Work instructions: The data below holds a line containing "BMW Seria 5 525d Aut. - 19" and a line containing "Ex-factory price: 560💰Loro"; please quote exactly those two lines and every line between them, and nothing else.

Extracted material:
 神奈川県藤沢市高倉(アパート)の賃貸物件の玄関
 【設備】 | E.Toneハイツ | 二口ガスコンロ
...
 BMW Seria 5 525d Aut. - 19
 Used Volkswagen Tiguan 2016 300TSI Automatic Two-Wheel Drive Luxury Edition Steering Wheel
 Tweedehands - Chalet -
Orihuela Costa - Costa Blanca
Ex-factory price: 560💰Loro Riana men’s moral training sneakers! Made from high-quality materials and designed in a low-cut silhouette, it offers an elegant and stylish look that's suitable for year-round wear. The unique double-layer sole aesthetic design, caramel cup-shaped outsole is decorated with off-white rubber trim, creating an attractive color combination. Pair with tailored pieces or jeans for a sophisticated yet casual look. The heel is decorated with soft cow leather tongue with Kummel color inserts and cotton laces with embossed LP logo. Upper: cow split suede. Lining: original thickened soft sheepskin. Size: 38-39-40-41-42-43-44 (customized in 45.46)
--
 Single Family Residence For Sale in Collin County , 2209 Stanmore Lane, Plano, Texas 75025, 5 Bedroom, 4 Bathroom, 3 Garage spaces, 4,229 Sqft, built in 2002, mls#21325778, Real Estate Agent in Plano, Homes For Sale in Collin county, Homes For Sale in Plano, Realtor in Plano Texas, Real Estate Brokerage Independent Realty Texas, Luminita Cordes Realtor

Answer:
 BMW Seria 5 525d Aut. - 19
 Used Volkswagen Tiguan 2016 300TSI Automatic Two-Wheel Drive Luxury Edition Steering Wheel
 Tweedehands - Chalet -
Orihuela Costa - Costa Blanca
Ex-factory price: 560💰Loro Riana men’s moral training sneakers! Made from high-quality materials and designed in a low-cut silhouette, it offers an elegant and stylish look that's suitable for year-round wear. The unique double-layer sole aesthetic design, caramel cup-shaped outsole is decorated with off-white rubber trim, creating an attractive color combination. Pair with tailored pieces or jeans for a sophisticated yet casual look. The heel is decorated with soft cow leather tongue with Kummel color inserts and cotton laces with embossed LP logo. Upper: cow split suede. Lining: original thickened soft sheepskin. Size: 38-39-40-41-42-43-44 (customized in 45.46)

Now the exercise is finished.